Top of SOURCE MATERIAL
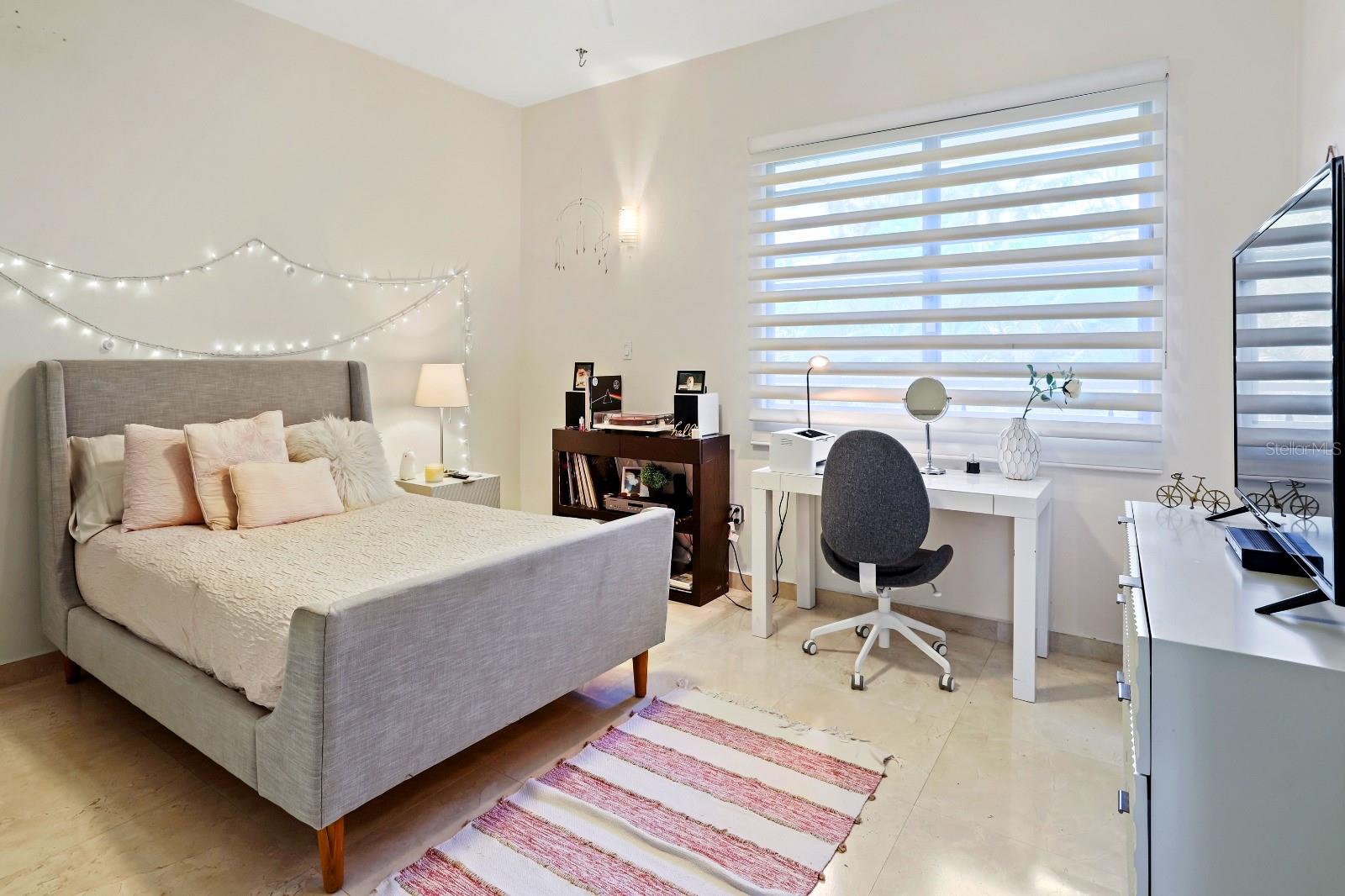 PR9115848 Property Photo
Bottom of SOURCE MATERIAL
Top of SOURCE MATERIAL
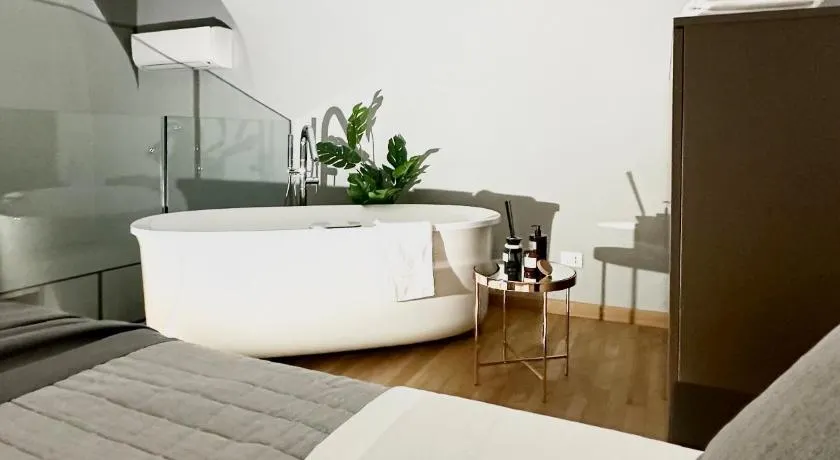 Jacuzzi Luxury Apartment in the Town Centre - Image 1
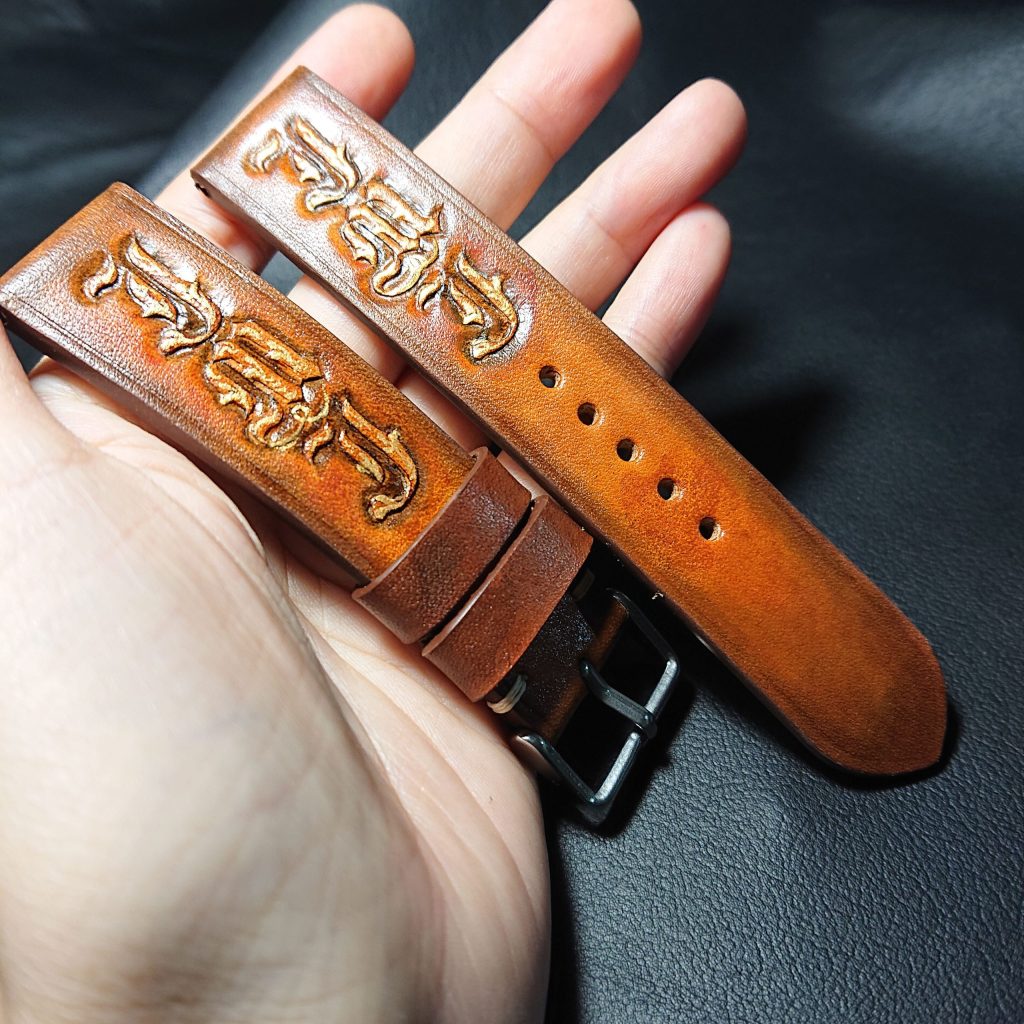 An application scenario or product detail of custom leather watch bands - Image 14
Bottom of SOURCE MATERIAL
WHAT YOU HAVE TO DO:
Transcribe, word for word, the stretch of lines in the data above from the one with "Jacuzzi Luxury Apartment" through the one with "An application scenario"; omit all pictures.

SOLUTION TO THE EXERCISE:
 Jacuzzi Luxury Apartment in the Town Centre - Image 1
 An application scenario or product detail of custom leather watch bands - Image 14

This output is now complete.